Your goal = Your answer should reproduce every line of the material in which the word "building" occurs.

Task inputs =
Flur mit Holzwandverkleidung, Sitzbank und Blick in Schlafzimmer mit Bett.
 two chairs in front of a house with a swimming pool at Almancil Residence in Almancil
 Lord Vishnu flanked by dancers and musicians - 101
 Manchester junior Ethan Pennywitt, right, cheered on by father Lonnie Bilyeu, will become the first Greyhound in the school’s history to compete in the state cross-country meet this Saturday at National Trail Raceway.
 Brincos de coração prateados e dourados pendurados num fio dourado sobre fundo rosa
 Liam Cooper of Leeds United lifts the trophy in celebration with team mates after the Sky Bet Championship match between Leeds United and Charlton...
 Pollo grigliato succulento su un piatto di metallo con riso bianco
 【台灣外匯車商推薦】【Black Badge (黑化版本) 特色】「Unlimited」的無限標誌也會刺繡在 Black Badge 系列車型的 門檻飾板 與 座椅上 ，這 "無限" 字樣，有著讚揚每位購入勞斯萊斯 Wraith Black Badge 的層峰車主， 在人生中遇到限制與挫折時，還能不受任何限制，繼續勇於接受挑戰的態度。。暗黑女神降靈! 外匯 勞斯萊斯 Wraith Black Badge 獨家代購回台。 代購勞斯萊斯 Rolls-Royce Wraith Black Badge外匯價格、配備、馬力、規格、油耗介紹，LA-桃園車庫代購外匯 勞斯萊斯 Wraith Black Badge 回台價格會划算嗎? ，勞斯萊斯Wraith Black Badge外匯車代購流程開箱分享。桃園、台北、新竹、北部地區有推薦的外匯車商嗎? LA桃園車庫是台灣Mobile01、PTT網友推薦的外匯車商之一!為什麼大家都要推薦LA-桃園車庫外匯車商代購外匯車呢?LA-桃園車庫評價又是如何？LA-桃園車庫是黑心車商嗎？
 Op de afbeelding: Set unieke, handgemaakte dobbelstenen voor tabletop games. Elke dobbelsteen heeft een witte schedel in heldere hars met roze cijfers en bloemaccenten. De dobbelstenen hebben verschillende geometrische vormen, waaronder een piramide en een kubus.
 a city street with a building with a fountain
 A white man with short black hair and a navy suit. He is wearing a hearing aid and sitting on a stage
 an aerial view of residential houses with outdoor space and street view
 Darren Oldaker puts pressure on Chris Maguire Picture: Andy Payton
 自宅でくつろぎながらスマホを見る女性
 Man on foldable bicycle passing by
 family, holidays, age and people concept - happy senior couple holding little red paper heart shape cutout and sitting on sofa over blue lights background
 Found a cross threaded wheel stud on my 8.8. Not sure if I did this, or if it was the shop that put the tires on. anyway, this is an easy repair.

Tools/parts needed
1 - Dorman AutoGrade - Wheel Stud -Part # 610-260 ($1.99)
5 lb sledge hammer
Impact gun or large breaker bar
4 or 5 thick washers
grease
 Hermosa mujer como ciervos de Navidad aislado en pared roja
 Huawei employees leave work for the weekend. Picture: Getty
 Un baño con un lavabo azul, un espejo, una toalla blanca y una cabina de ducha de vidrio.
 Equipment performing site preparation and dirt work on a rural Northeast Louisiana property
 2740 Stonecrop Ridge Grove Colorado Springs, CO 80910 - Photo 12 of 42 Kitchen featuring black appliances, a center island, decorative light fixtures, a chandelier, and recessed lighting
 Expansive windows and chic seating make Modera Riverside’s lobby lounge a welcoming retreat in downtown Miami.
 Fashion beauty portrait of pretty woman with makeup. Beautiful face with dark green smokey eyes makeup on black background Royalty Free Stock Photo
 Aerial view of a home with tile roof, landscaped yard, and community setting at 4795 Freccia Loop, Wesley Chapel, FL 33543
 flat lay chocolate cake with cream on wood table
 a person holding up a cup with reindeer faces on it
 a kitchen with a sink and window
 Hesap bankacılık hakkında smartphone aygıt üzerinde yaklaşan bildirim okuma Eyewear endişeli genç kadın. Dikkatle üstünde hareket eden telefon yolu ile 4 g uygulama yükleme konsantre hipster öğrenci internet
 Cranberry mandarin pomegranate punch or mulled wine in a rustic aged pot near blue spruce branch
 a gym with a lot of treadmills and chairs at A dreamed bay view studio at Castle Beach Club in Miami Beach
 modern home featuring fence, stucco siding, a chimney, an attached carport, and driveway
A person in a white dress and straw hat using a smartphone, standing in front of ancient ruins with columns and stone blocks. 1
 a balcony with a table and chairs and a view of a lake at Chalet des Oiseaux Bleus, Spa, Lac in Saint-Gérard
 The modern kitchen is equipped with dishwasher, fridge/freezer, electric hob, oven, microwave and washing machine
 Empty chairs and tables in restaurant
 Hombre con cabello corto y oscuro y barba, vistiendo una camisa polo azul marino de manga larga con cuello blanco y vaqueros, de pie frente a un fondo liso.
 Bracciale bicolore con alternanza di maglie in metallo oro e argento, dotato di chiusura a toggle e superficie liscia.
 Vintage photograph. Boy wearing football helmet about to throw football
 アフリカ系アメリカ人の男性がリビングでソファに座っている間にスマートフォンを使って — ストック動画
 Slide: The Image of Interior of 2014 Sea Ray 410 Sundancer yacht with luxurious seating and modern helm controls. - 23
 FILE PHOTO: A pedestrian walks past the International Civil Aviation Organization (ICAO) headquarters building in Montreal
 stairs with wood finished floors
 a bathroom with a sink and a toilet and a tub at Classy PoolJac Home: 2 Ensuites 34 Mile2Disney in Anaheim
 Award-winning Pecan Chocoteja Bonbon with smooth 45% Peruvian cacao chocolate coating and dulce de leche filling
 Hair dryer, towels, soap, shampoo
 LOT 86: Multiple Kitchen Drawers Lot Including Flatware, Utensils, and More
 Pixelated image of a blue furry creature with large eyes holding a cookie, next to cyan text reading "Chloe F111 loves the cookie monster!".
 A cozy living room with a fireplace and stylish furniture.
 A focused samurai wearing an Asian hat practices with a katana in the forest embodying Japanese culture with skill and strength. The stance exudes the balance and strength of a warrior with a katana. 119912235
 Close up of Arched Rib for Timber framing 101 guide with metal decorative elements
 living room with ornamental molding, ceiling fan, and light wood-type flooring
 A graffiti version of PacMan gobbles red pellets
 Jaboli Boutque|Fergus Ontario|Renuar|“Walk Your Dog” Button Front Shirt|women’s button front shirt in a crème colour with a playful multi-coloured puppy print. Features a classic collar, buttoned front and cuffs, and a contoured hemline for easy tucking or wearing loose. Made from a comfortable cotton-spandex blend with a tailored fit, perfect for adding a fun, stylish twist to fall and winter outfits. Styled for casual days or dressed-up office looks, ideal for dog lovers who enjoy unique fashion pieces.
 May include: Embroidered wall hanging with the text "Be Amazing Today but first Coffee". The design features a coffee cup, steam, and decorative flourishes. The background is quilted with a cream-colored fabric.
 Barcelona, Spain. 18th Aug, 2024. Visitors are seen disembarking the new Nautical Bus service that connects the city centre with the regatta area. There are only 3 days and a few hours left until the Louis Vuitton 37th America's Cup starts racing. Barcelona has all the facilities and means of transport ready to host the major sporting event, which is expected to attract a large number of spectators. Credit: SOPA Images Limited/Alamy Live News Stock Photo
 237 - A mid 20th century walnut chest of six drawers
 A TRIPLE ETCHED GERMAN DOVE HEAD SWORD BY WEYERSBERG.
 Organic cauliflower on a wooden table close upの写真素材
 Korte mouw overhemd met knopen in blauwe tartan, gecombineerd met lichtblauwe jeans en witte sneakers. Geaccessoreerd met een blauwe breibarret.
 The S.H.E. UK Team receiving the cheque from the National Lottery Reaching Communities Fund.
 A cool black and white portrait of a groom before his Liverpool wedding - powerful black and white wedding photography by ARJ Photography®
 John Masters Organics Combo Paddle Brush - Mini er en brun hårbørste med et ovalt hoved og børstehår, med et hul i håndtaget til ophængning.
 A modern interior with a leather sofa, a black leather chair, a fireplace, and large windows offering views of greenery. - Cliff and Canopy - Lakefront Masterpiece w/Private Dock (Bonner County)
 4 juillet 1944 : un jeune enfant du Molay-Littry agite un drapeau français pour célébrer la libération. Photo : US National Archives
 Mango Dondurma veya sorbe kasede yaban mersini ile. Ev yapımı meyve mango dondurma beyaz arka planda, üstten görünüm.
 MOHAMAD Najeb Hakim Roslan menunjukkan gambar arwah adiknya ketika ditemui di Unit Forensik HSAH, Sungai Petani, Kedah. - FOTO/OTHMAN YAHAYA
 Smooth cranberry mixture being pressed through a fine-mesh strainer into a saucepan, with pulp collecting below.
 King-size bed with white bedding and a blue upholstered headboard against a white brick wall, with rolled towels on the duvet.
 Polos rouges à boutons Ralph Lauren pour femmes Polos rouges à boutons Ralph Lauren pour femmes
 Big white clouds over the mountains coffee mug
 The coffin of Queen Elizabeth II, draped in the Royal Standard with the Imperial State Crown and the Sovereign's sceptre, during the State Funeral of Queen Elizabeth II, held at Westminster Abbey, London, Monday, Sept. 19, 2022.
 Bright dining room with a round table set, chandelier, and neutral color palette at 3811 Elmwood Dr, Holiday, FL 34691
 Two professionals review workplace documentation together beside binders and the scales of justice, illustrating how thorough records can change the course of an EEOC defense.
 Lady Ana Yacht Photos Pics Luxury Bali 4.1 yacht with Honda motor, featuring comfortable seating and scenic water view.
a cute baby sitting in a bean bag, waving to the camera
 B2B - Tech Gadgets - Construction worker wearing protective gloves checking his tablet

Solution to this exercise =
 a city street with a building with a fountain
 FILE PHOTO: A pedestrian walks past the International Civil Aviation Organization (ICAO) headquarters building in Montreal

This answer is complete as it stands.